En fonctionnant de la sorte, on parvient à une « coopération conflictuelle » pour reprendre les termes d’Yves Clot : une coopération qui regarde les conflits sur la qualité du travail en face, et même qui s’appuie sur eux pour agir pour le bien de l’entreprise, pour le bien des individus.
Le travail mal fait peut avoir un impact sur la santé : le travail « ni fait, ni à faire », c’est le travail que les individus renoncent à faire. C’est un travail qui n’est pas réalisé, mais qui est très réel : ne pas avoir fait « ce qui est bien » est source de souffrances. C’est un travail ravalé, empêché, avorté : on ferme les yeux sur ce que l’on devrait faire, on renonce, pour des raisons très diverses. La santé physique et mentale est en danger à partir du moment où tout ce qu’on ne peut pas faire devient un problème, génère de la souffrance.
Ce qui précède n’est pas de l’ordre de la théorie : les études menées par la Dares montrent, année après année, une hausse inquiétante du nombre de personnes estimant ne pas effectuer un travail de qualité. Ils seraient plus de 50% aujourd’hui.
La santé peut être définie à partir des travaux de Georges Canguilhem : pour lui, être en bonne santé, c’est bien se porter. Bien se porter, c’est être en capacité de porter la responsabilité de ses actes ; c’est être en capacité de laisser son empreinte, sa signature – c’est laisser quelque chose en-dehors de soi ; c’est, enfin, être en capacité de créer entre les choses des rapports qui ne leur viendraient pas autrement.
Quant à la fatigue, chacun sait qu’elle est multiforme : il y a la « bonne fatigue », fruit de l’effort et de l’action, lorsque le travail est une forme d’accomplissement. Il y a la « mauvaise fatigue », dont on ne se repose pas, voire qui nous réveille. Cette « mauvaise fatigue », c’est la fatigue de l’activité rentrée, du travail empêché, de ce qu’il aurait fallu faire ou de ce qu’il faudra refaire. A l’inverse, le travail bien fait est source de santé… et de performance. Le lien entre efficacité (à ne pas réduire à la simple efficience, l’efficacité va bien au-delà) et santé est manifeste. Le travail bien fait, c’est aussi le travail dans lequel on se reconnaît, dans lequel on est reconnu par ses pairs.
Les conflits de critères sont présents partout, et pas seulement entre la base et le sommet.

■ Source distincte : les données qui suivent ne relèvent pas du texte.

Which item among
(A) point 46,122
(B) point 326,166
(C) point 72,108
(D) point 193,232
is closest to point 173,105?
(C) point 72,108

Ils sont particulièrement présents entre les opérateurs, entre des individus qui font le même travail : car les critères du travail bien fait changent d’un individu à l’autre. Il y a donc de multiples conflits de critères au sein d’un même collectif.
Un collectif, c’est précisément une somme d’individus où ces conflits peuvent être dits et instruits. Un collectif, c’est un endroit où l’on peut s’autoriser à donner son avis sur le travail bien fait, sur son propre travail, et sur celui des autres.
C’est donc le cadre de tels collectifs que peut se mettre en place ce que l’on qualifie de coopération conflictuelle (encadré, ci-contre), une des clés, parmi d’autres, permettant de mettre en discussion le travail, au profit de la performance globale et de la santé des individus.